What is an OLTP system and OLAP system?

OLTP stands for OnLine Transaction Processing. Applications that supports and manges transactions which involve high volumes of data are supported by OLTP system. OLTP is based on client-server architecture and supports transactions across networks.

OLAP stands for OnLine Analytical Processing. Business data analysis and complex calculations on low volumes of data are performed by OLAP. An insight of data coming from various resources can be gained by a user with the support of OLAP.



What are cubes?

Multi dimensional data is logically represented by Cubes in data warehousing. The dimension and the data are represented by the edge and the body of the cube respectively. OLAP environments view the data in the form of hierarchical cube. A cube typically includes the aggregations that are needed for business intelligence queries.



What is snow flake scheme design in database?

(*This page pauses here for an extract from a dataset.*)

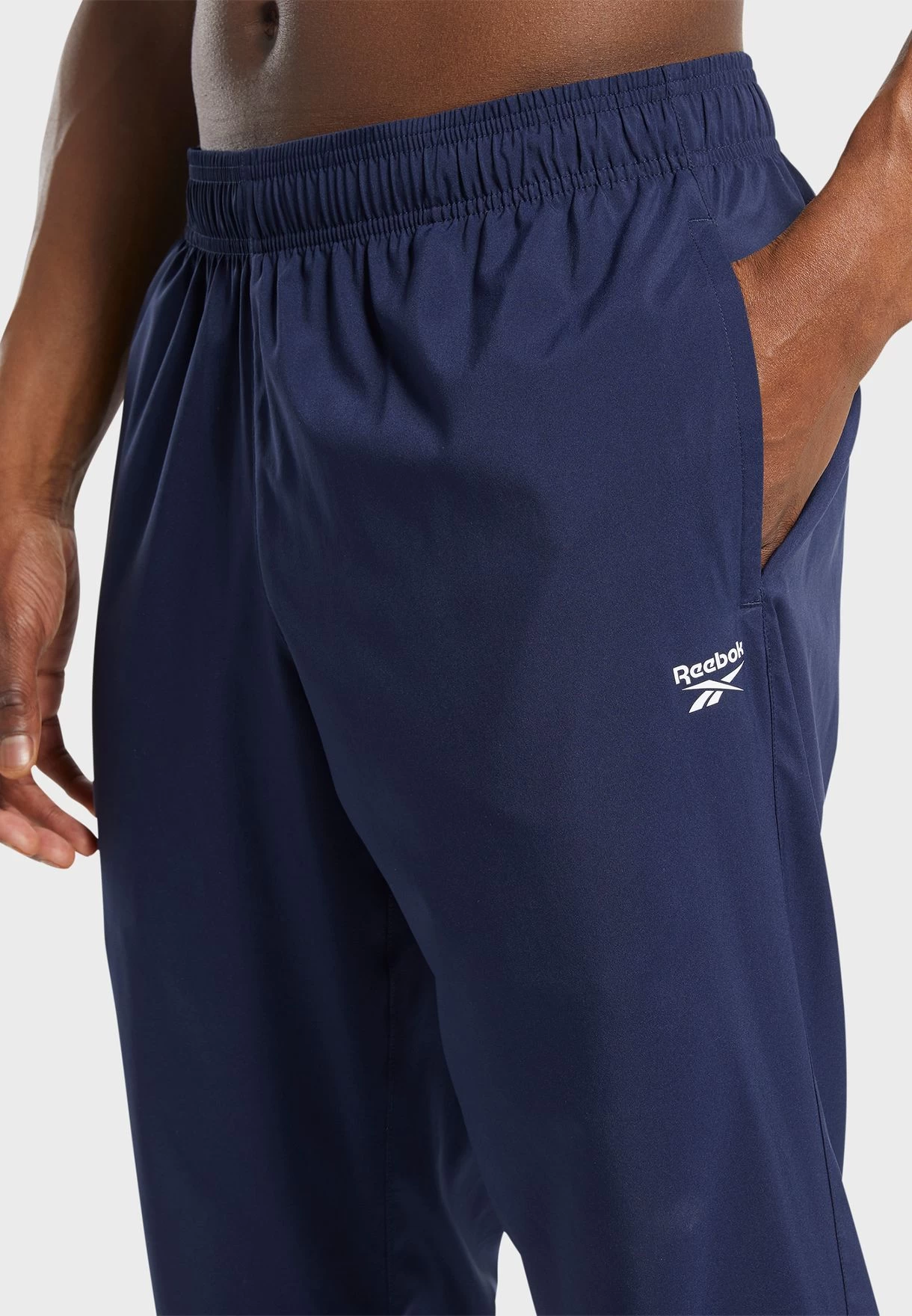 Reebok Essential Woven Pants 5 Reebok Essential Woven Pants - Image 3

Snow flake schema is one of the designs that are present in database design. Snow flake schema serves the purpose of dimensional modeling in data warehousing. If the dimensional table is split into many tables, where the schema is inclined slightly towards normalization, then the snow flake design is utilized. It contains joins in depth. The reason is that, the tables split further.



Explain the difference between star and snowflake schemas?

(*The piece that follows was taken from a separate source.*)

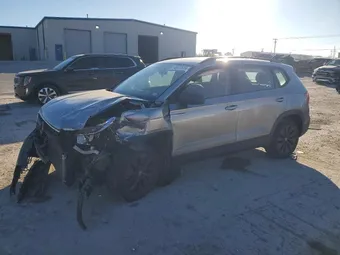 2023 Volkswagen Taos 3VVCX7B23PM367970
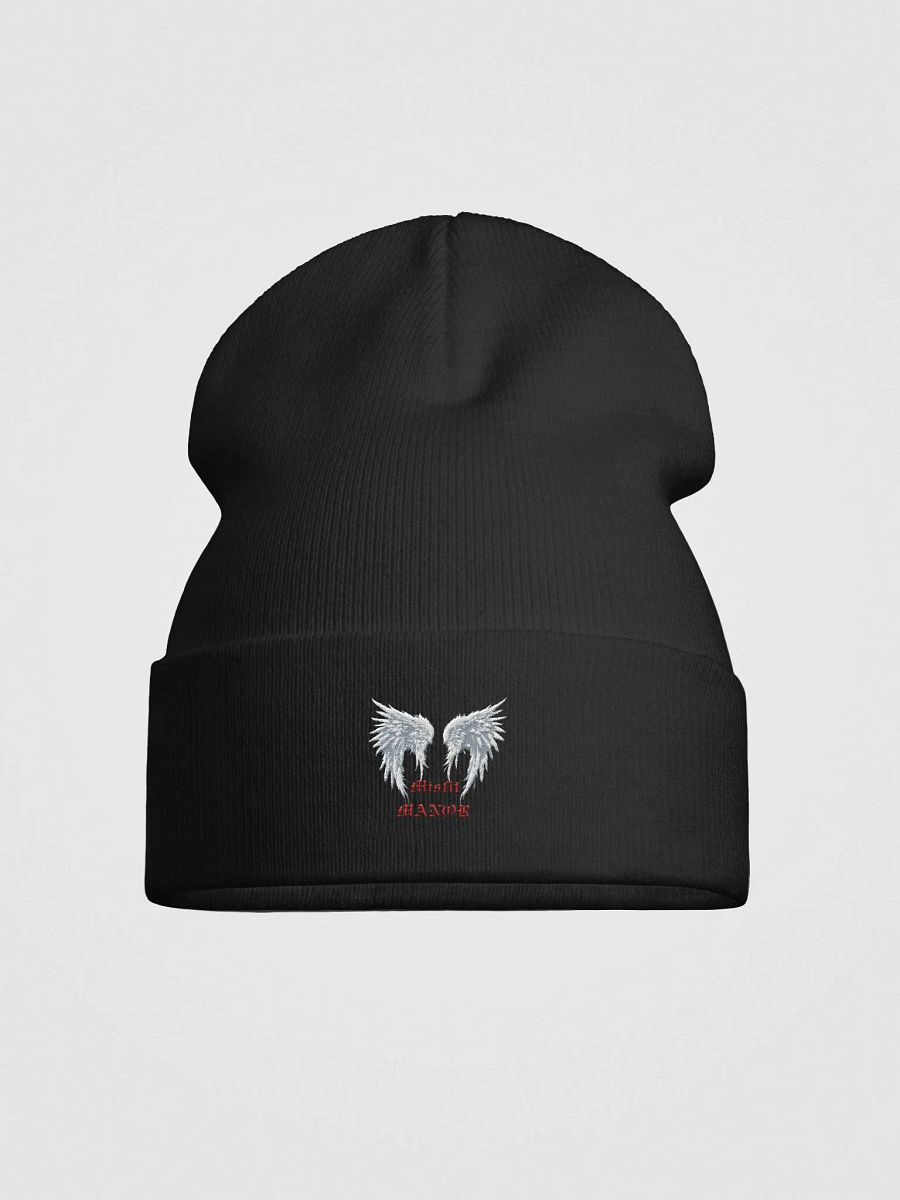 Misfit Manor Angelic Beanie product image (5)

Star schema: A highly de-normalized technique. A star schema has one fact table and is associated with numerous dimensions table and depicts a star.



Snow flake schema: The normalized principles applied star schema is known as Snow flake schema. Every dimension table is associated with sub dimension table.



Differences:



* A dimension table will not have parent table in star schema, whereas snow flake schemas have one or more parent tables.

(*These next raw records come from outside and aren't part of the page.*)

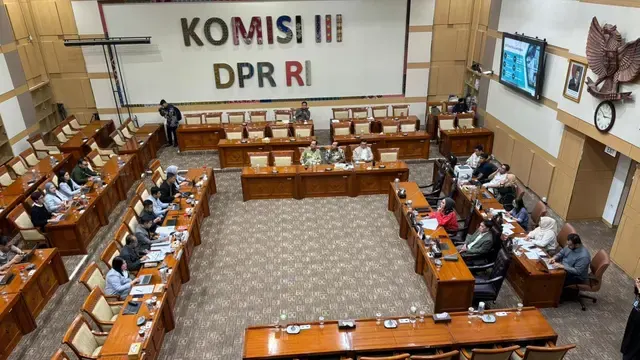 Soal Wacana Ambang Batas Parlemen 5 Persen, PDIP Minta Tetap Patuhi Putusan MK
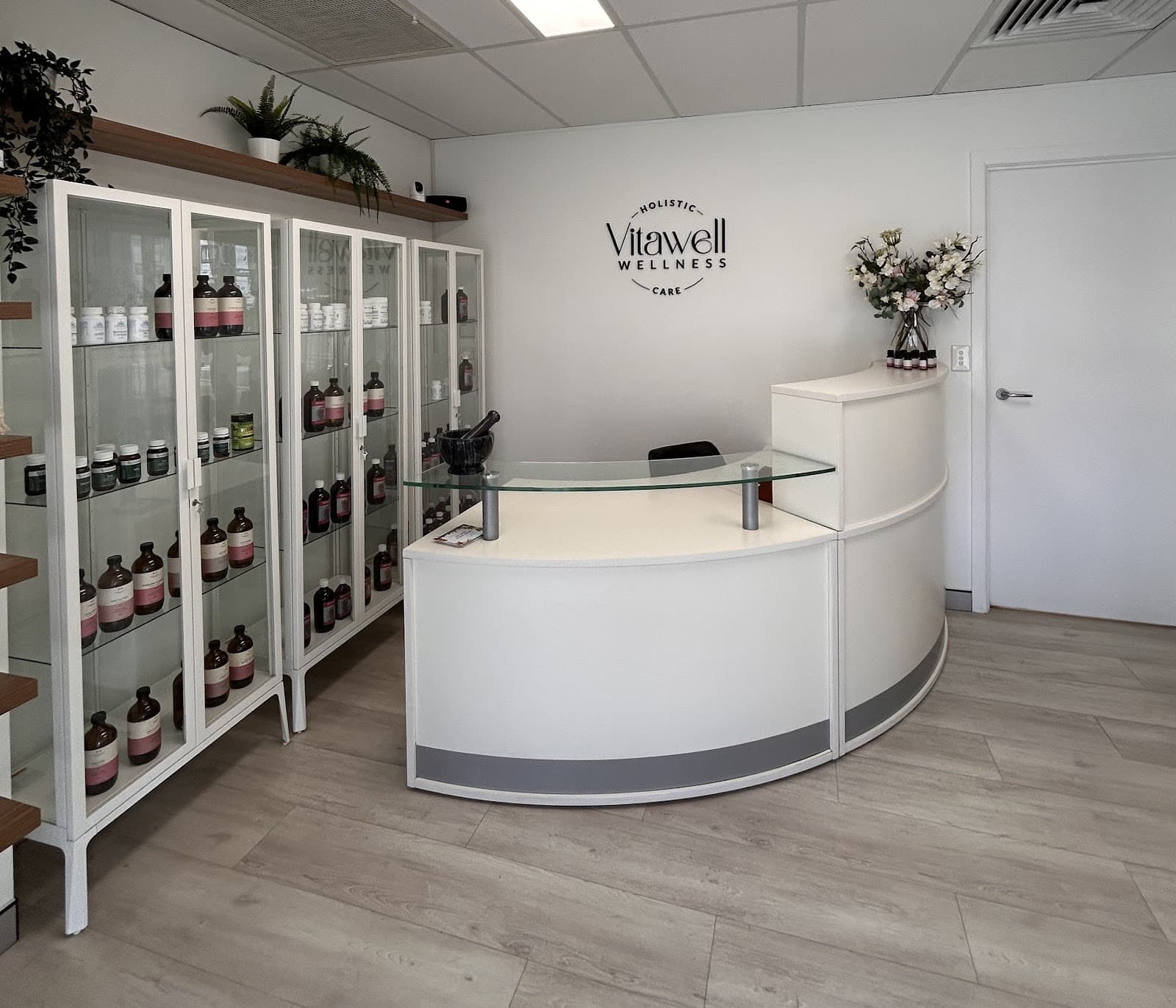 Vitawell Wellness — South Bank, Brisbane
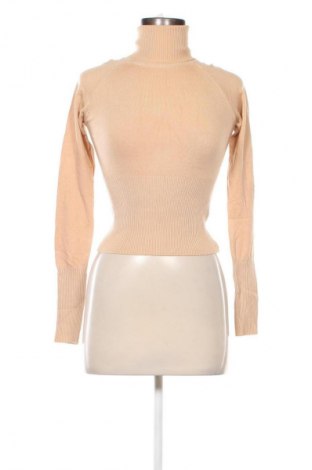 Damenpullover Unbranded, Größe M, Farbe Beige, Preis 5,99 €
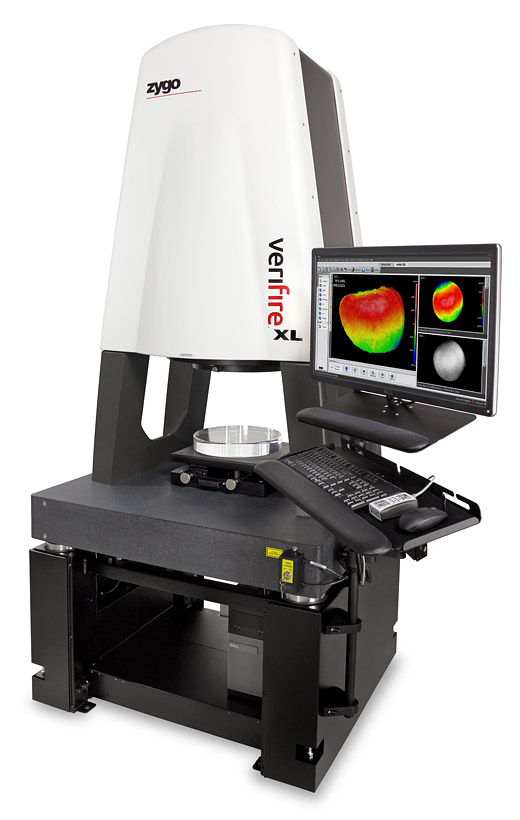 Large-Aperture Downward-Looking Interferometer Large-Aperture Downward-Looking Interferometer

* The dimensional table itself consists of hierarchies of dimensions in star schema, where as hierarchies are split into different tables in snow flake schema. The drilling down data from top most hierarchies to the lowermost hierarchies can be done.



What is the difference between view and materialized view?

A view is created by combining data from different tables. Hence, a view does not have data of itself.



On the other hand, Materialized view usually used in data warehousing has data. This data helps in decision making, performing calculations etc. The data stored by calculating it before hand using queries. When a view is created, the data is not stored in the database. The data is created when a query is fired on the view. Whereas, data of a materialized view is stored.



What is junk dimension?

A single dimension is formed by lumping a number of small dimensions. This dimension is called a junk dimension. Junk dimension has unrelated attributes. The process of grouping random flags and text attributes in dimension by transmitting them to a distinguished sub dimension is related to junk dimension.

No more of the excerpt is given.